The author of the article comments the preliminary documents of the World Summit on the Information Society, to be held in Geneva from 11-13 December 2003. He wonders about the aims and objectives of this meeting, namely the elaboration of an alternative concept of the role which information and communication ought to assume within the current process of globalisation.
Der Autor des Artikels kommentiert die Unterlagen zur Vorbereitung des Weltgipfels der Informationsgesellschaft, der vom 11. bis 13. Dezember 2003 in Genf stattfinden wird.
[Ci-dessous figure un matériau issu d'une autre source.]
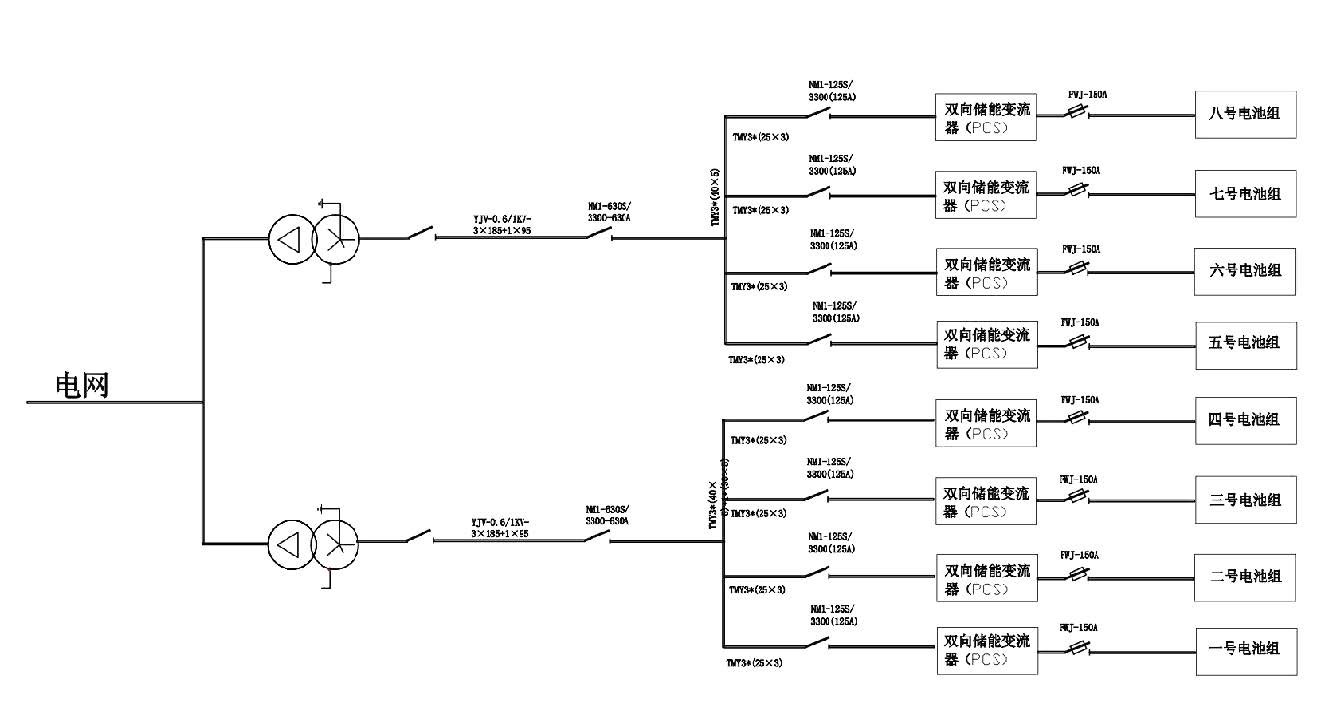 北京國科偉業(yè)電力科技有限公司,節(jié)能，單電池控制及儲能電站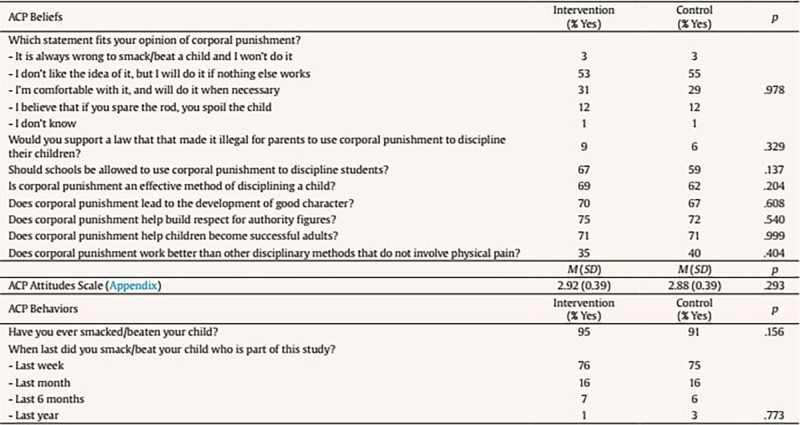 A Community-based Responsive Caregiving Program Improves Neurodevelopment in Two-year Old Children in a Middle-Income Country, Grenada, West Indies.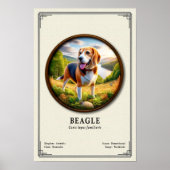 Poster Série de zoologie du Beagle (Devant)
Er hinterfragt die Ziele dieses Treffens, wie die Ausarbeitung eines alternativen Konzeptes welche Rolle die Information und die Kommunikation im Laufe der fortschreitenden Globalisierung spielen soll. Der Autor des Artikels kommentiert die Unterlagen zur Vorbereitung des Weltgipfels der Informationsgesellschaft, der vom 11. bis 13. Dezember 2003 in Genf stattfinden wird. Er hinterfragt die Ziele dieses Treffens, wie die Ausarbeitung eines alternativen Konzeptes welche Rolle die Information und die Kommunikation im Laufe der fortschreitenden Globalisierung spielen soll.
El autor del artículo comenta los documentos preparatorios de la Cumbre mundial de la sociedad de la información, que ha tenido lugar seguidamente en Ginebra, del 11 al 13 de diciembre del 2003. Este se interroga sobre lo que se juega en este encuentro: nada menos que la elaboración de una concepción alternativa del papel de la información y de la omunicación en el proceso de mundialización en curso.
Le sommet mondial de la société de l’information se tient à Genève les 11, 12 et 13 décembre prochains 1, à l’initiative de l’Union internationale des télécommunications, approuvée par l’Assemblée générale des Nations Unies le 31 janvier 2002 . Il sera suivi d’une seconde session à Tunis en 2005. Quels sont les enjeux de cette rencontre, préparée depuis plus de deux ans, sous l’égide de l’Unesco ? Rien moins que l’élaboration d’une conception alternative du rôle de l’information et de la communication dans le processus de mondialisation en cours.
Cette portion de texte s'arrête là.